Батюшка был точно барин: однако он всякого дворянина принимал, как равного себе, хотя, конечно, не за всякого бы отдал своих дочерей; да и мы, правду сказать, с разбором глядели на мужчин, но были приучены быть приветливыми с каждым порядочным человеком, а в особенности с равными себе. Этого Марья Петровна никогда или не хотела, или не умела, и не только сама не сблизилась с нами, но мало-помалу и брата ото всех родных отдалила, а так как он был характера слабого, то им совсем завладела.
Брат Николай Петрович при своей женитьбе был тридцати семи лет, а невеста его года на четыре моложе его, но он, несмотря на свою хворость, был моложав и очень недурен собой.
По милостивому распоряжению покойного государя к старшему брату княжны Марьи Петровны — Петру Петровичу она была пожалована фрейлиной, и так как в то время было две императрицы (Мария Федоровна и Елизавета Алексеевна), то и шифр 19 был двойной: М и Е.
В один из своих приездов в Москву император Александр сказал княгине Долгоруковой, матери умершего Петра Петровича, много лет спустя после его смерти: «Вы, княгиня, потеряли сына, а я лишился в нем друга».
Княгиня была умная и находчивая старуха и очень хорошо и умно ответила государю: «Вы можете, ваше величество, всегда иметь и много друзей. а я, лишившись сына, сына уже не найду, и сам Бог мне его возвратить не может».
Княгиня была очень почтенная, добрая, умная и приветливая женщина, женщина весьма благочестивая, держала себя просто, была со всеми обходительна и не важничала, как ее гордый старик.
VI
По случаю женитьбы брата я познакомилась с крестным отцом его жены, князем Юрием Владимировичем Долгоруковым. И потому кстати и расскажу о нем, каковым я его стала знать и что о нем слыхала от других.
Князю Юрию Владимировичу в 1809 году было лет под семьдесят; он был ростом не очень велик, но, впрочем, и не мал; довольно полный, лицо имел приятное, хотя черты не были правильны и были не особенно красивы.

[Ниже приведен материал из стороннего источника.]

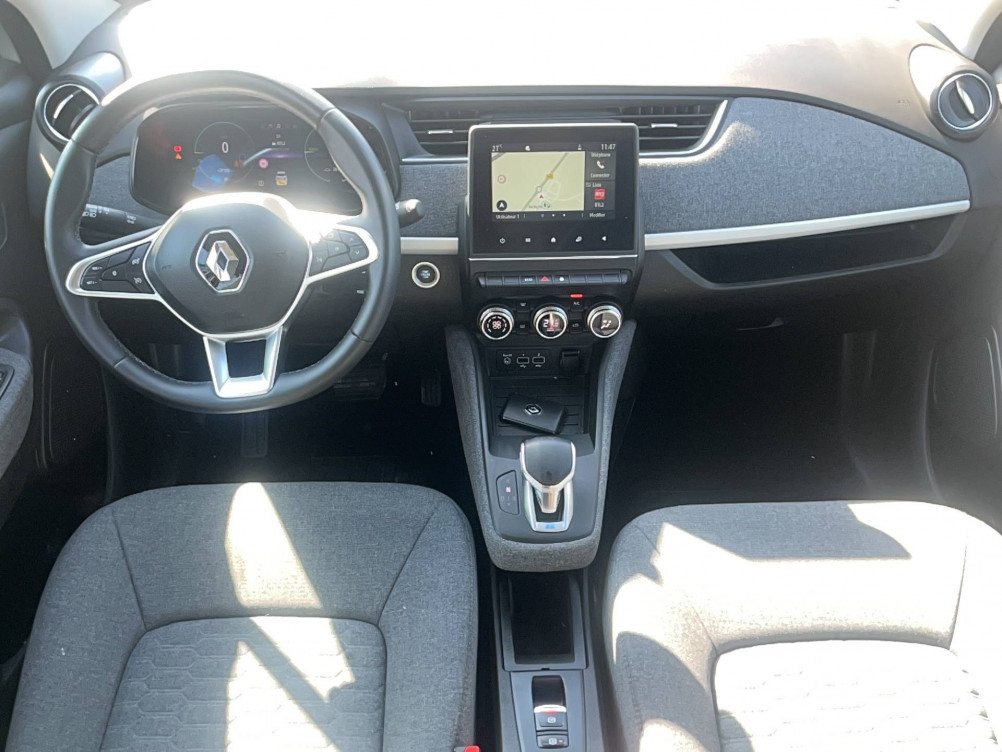 Acheter Renault Zoe Zoe R110 - 22B Evolution 5p occasion dans les concessions du Groupe Faurie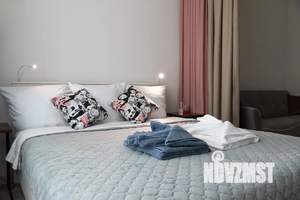 1-к квартира, посуточно, 42м2, 2/5 этаж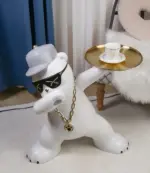 Rappo Bear Decorfaure
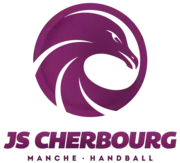 Logo du JS Cherbourg Manche Handball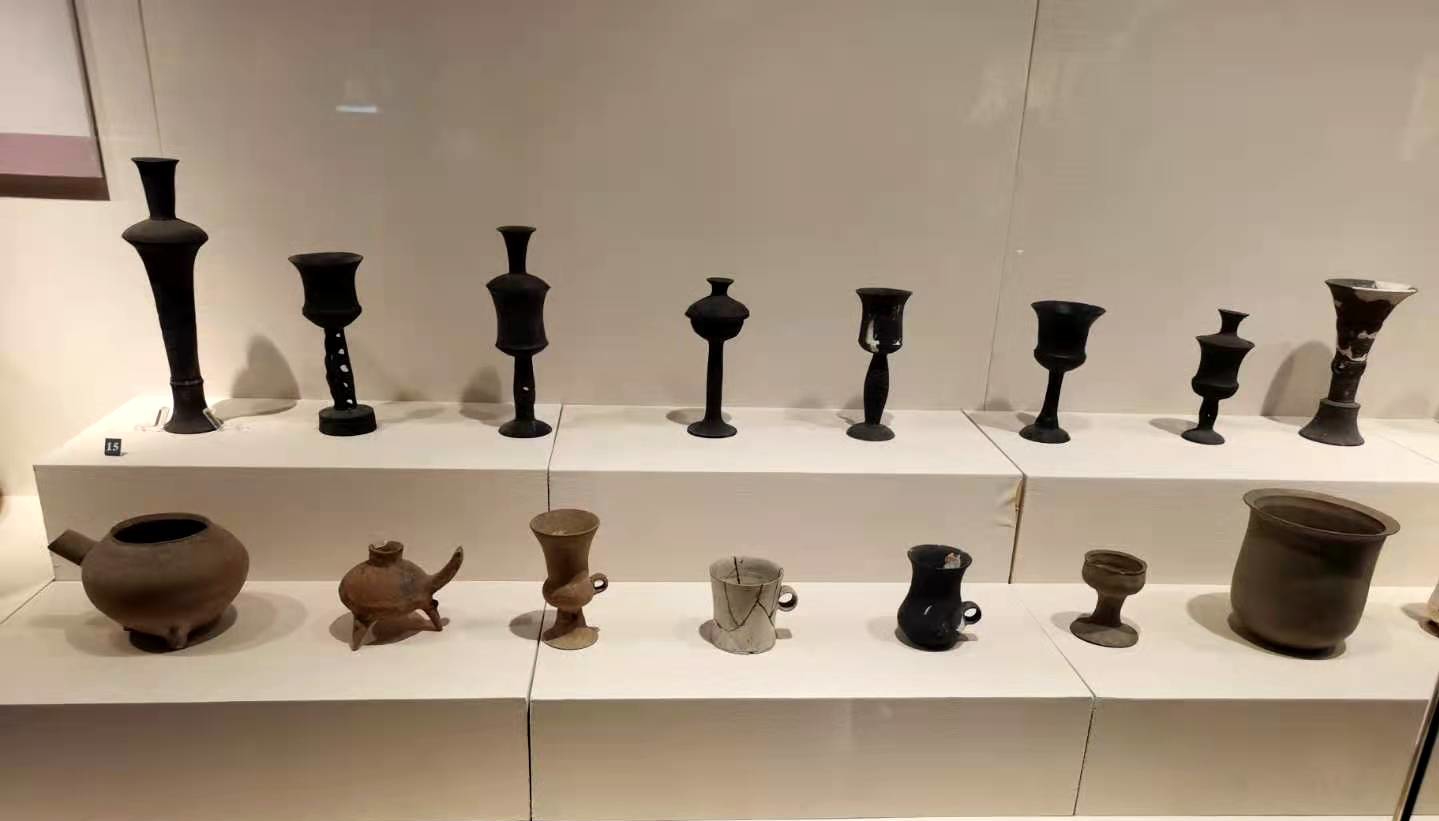 从公元前602年到1938年黄河改道,1855年黄河决口改道波及的范围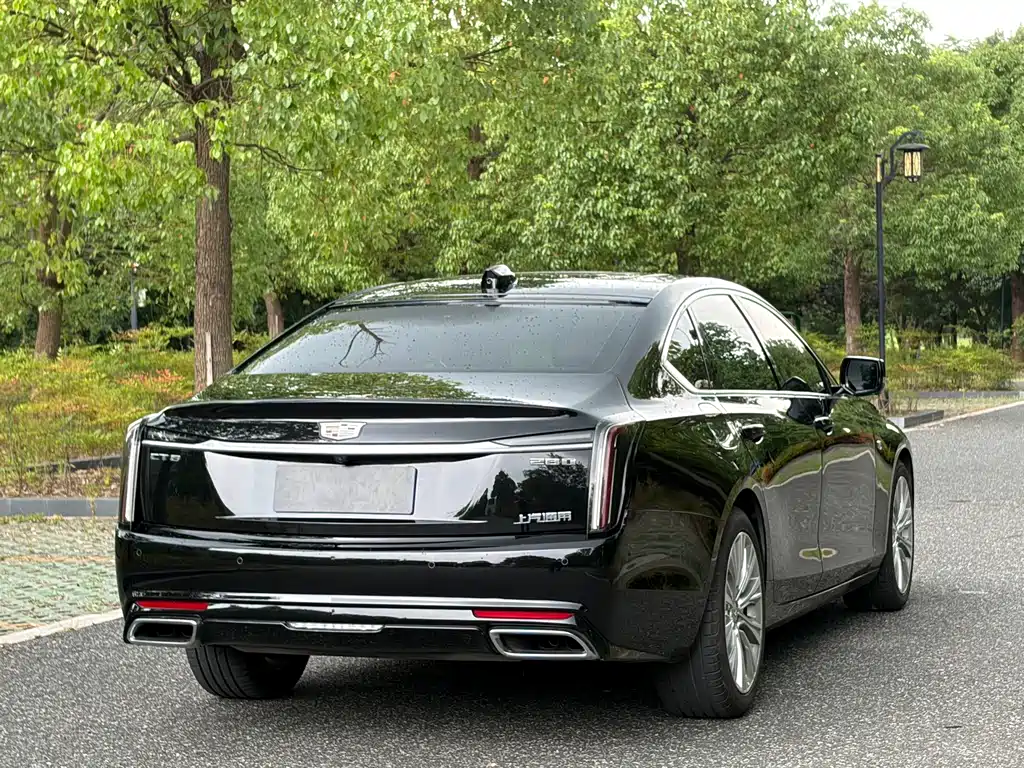 Cadillac CT6 2023 28T Prestige Edition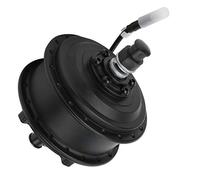 Naroote 36V 250W Brushless Electric Scooter Hub Motor with High Strength for DIY Electric Bikes and Scooters, Metal, Speed: 25 Km/h (precursor)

Что-то спокойное было в выражении и много добродушия и вместе с тем и величавости; с первого взгляда можно было угадать, что это настоящий вельможа, ласковый и внимательный. Давно все перестали пудриться и начали носить суконное кургузое платье; он до конца жизни пудрился и ходил в бархате и в шелку, и думаю, что было бы странно видеть этого вельможу, старика, одетого как начинали одеваться наши щеголи по-французски, на республиканский манер, преотвратительно; он все еще носил французский кафтан, и было это весьма прилично.
Он свою службу начал при императрице Елизавете Петровне, участвовал в Семилетней войне,20 где находился и батюшка, и был тяжело ранен в голову, так что ему делали операцию: вынимали из головы пулю или осколки. Он был тогда очень еще молод и лет на десять моложе батюшки. При кончине Елизаветы Петровны он был полковником, а при Екатерине, не имея и тридцати лет, был уже генерал-майором.
Когда графа Орлова (Алексея Григорьевича) императрица Екатерина послала в Черногорию с секретным поручением,21 то Орлов непременно хотел, чтобы Долгоруков был дан ему в помощники. По возвращении был награжден Георгием на шею 22 и лентой (Александровскою) через плечо.23 Под конец царствования императрицы Зубовы, попавшие тогда в милость государыни,24 опасаясь значительности Долгорукова, начали его теснить и вынудили выйти в отставку за год или года за два до кончины императрицы.